The Primary Relationship: Selecting a Teacher

Selecting a private teacher is the next crucial decision; as a college-level music student, the most important relationship you will have in the next four years is the one with your private music teacher.  Talk to musicians you admire and ask for recommendations.  A teacher’s reputation is important, but personal recommendations reveal even more about a teacher’s style and personality.  It is ideal to find a teacher who specializes in the areas that are most important to you.  For example, if you wish to spend your college years preparing for a orchestral career, you probably want to study with someone for whom audition preparation and orchestral excerpts are a priority, not someone who views these as unnecessary roadblocks on the way to a career as a soloist.   If you plan on visiting schools to audition, you may want to try to arrange a trial private music lesson with the prospective teacher.  Not all teachers will accommodate this request, but many will, especially if you offer in advance to pay them for their time.  Alternatively, most college music teachers have faculty appointments at music festivals in the summer, and you might want to plan ahead and attend one where a prospective teacher is on the faculty to assess if you feel it would be beneficial to continue your studies with that teacher.

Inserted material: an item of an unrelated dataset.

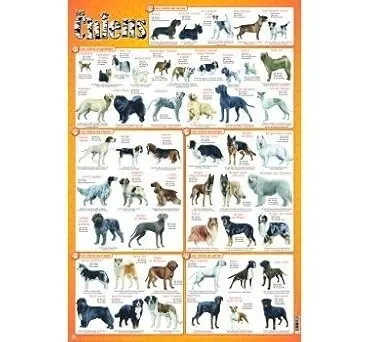 Posters à thèmes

The School’s Personality and Location

Each school has its own unique image, its own flavor, both in terms of its student body and in terms of its reputation in the greater musical community. Whether a particular school is the right choice for you will depend on your specific personal and musical goals. For example, someone who wants to study avant-garde composition will probably fare better at a school with diverse music offerings, including jazz and other styles of music, than at a traditional, European-model classical conservatory. Students who crave a typical collegiate environment may prefer a university-based music school, or at least a conservatory located in close proximity to a college campus. Some conservatories will allow you to enroll at a ‘sister’ school, if they are not closely connected with a college themselves, in order to take college classes for credit. Some traditional universities offer excellent college music courses. Each institution tends to attract a particular ‘type’ of student, so it is often extremely revealing if you can manage to visit each school in order to determine which student body you most feel reflects your own personality.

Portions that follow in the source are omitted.